Culture

Bill O'Reilly's Legacy on Climate Change Is Full of Doubt

The Fox News host adopted a harmful "teach the controversy"-style in his coverage.

Bill O’Reilly, who was slated to be let go by the Fox News Channel on Wednesday in the aftermath of sexual harassment allegations by several women, also leaves behind a poor legacy regarding how he informed — or rather failed to inform — viewers of The O’Reilly Factor about climate change.

On the air since 1996, O’Reilly was a consistent ratings leader for Fox in his 8 p.m. time slot; last week in the middle of a scandal, he drew 3.7 million viewers as company after company pulled advertising from his show. The millions of people he misinformed on climate change — a scientific fact acknowledged by even Rex Tillerson, the former ExxonMobil CEO and the current Secretary of State — is breathtaking.

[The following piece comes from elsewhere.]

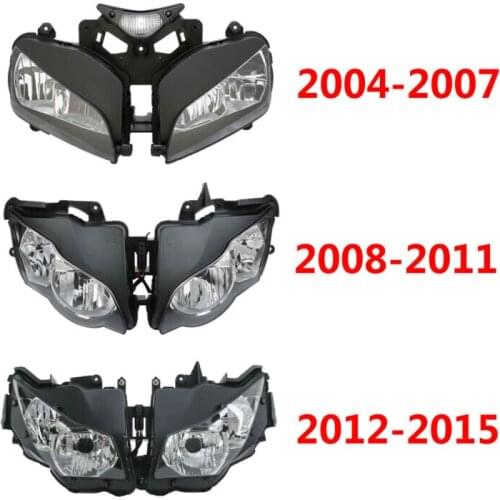 Motorcycle Front Headlight Lamp Assembly For Honda CBR1000RR 2004-2007 2008-2011 2012-2015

“Nobody can control the climate except God.”

Some of the things O’Reilly has said on the matter enter into the realm of utter outrageousness. He said on a 2011 episode of his show that “nobody can control the climate except God, so give a little extra at mass.” If that’s true, then there’s no reason for us not to accept our fate and just watch the ice keep melting?

O’Reilly has however indicated support for tax credits for clean energy businesses, an atmosphere-protecting move that would also lessen taxes on business — a GOP platform policy.

He also cautioned president Donald Trump to accept the Paris Climate Agreement but has always stopped short of actually addressing the issue directly: Climate change is both happening and is caused by human activity. His support of the Paris Agreement, after all, only existed because the agreement would “buy some goodwill overseas,” he said. “It doesn’t really amount to much anyway. Let it go.”

The Paris Climate Agreement was designed to cap the rise in global temperatures within a manageable (manageable being a relative term which here means “not as catastrophic”) threshold. Without American involvement, the deal would likely collapse, or the threshold would at least not be met because the world’s other biggest polluters — China and India — see the United States as a leader.

2002: “A disciplined 10-year plan.”

In 2002, O’Reilly said that “America needs to stop arguing over the cause of global warming and begin a disciplined 10-year plan to use fewer polluting agents, more conservation, and tons more innovation.”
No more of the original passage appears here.